**What is needed**
Retype, exactly as they appear below, the lines between the line holding "Pangolin Art Print" and the line holding "Mickey Mouse Wow GIF", both ends included.

[[ Data supplied open ]]

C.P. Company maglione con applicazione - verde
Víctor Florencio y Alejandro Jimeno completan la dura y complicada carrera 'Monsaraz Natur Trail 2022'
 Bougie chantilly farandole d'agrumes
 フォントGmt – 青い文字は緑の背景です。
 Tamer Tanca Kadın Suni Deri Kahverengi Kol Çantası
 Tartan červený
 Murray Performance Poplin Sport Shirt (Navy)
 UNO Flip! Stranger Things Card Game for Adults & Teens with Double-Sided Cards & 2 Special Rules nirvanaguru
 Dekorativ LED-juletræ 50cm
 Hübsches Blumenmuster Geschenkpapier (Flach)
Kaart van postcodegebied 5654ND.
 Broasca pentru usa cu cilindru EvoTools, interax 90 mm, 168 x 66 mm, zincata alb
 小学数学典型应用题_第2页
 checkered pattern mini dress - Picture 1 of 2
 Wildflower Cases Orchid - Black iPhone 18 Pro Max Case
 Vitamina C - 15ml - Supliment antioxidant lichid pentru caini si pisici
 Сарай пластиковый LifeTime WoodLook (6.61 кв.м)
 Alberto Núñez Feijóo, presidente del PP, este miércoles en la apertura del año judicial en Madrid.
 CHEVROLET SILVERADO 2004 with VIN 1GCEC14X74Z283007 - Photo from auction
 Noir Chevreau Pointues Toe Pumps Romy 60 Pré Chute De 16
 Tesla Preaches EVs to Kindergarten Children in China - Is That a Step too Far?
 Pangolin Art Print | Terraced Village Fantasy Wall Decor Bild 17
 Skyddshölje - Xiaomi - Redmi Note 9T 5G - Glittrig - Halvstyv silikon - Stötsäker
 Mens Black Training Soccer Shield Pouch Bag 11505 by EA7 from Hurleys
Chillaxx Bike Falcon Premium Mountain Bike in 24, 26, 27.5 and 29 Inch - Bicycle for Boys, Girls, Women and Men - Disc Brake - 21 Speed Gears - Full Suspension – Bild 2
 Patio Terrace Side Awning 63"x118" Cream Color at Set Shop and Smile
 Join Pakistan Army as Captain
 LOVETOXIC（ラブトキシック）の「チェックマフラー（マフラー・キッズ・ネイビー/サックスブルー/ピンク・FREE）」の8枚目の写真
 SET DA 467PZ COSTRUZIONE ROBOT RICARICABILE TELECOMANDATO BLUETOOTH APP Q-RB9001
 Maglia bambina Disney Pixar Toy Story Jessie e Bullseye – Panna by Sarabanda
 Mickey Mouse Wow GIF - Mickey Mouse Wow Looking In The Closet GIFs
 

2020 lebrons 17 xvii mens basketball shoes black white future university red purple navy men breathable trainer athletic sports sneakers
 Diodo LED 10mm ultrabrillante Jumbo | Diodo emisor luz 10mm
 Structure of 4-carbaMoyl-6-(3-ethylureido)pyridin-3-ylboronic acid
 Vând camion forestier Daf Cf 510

[[ Data supplied closed ]]

**Response**
 Pangolin Art Print | Terraced Village Fantasy Wall Decor Bild 17
 Skyddshölje - Xiaomi - Redmi Note 9T 5G - Glittrig - Halvstyv silikon - Stötsäker
 Mens Black Training Soccer Shield Pouch Bag 11505 by EA7 from Hurleys
Chillaxx Bike Falcon Premium Mountain Bike in 24, 26, 27.5 and 29 Inch - Bicycle for Boys, Girls, Women and Men - Disc Brake - 21 Speed Gears - Full Suspension – Bild 2
 Patio Terrace Side Awning 63"x118" Cream Color at Set Shop and Smile
 Join Pakistan Army as Captain
 LOVETOXIC（ラブトキシック）の「チェックマフラー（マフラー・キッズ・ネイビー/サックスブルー/ピンク・FREE）」の8枚目の写真
 SET DA 467PZ COSTRUZIONE ROBOT RICARICABILE TELECOMANDATO BLUETOOTH APP Q-RB9001
 Maglia bambina Disney Pixar Toy Story Jessie e Bullseye – Panna by Sarabanda
 Mickey Mouse Wow GIF - Mickey Mouse Wow Looking In The Closet GIFs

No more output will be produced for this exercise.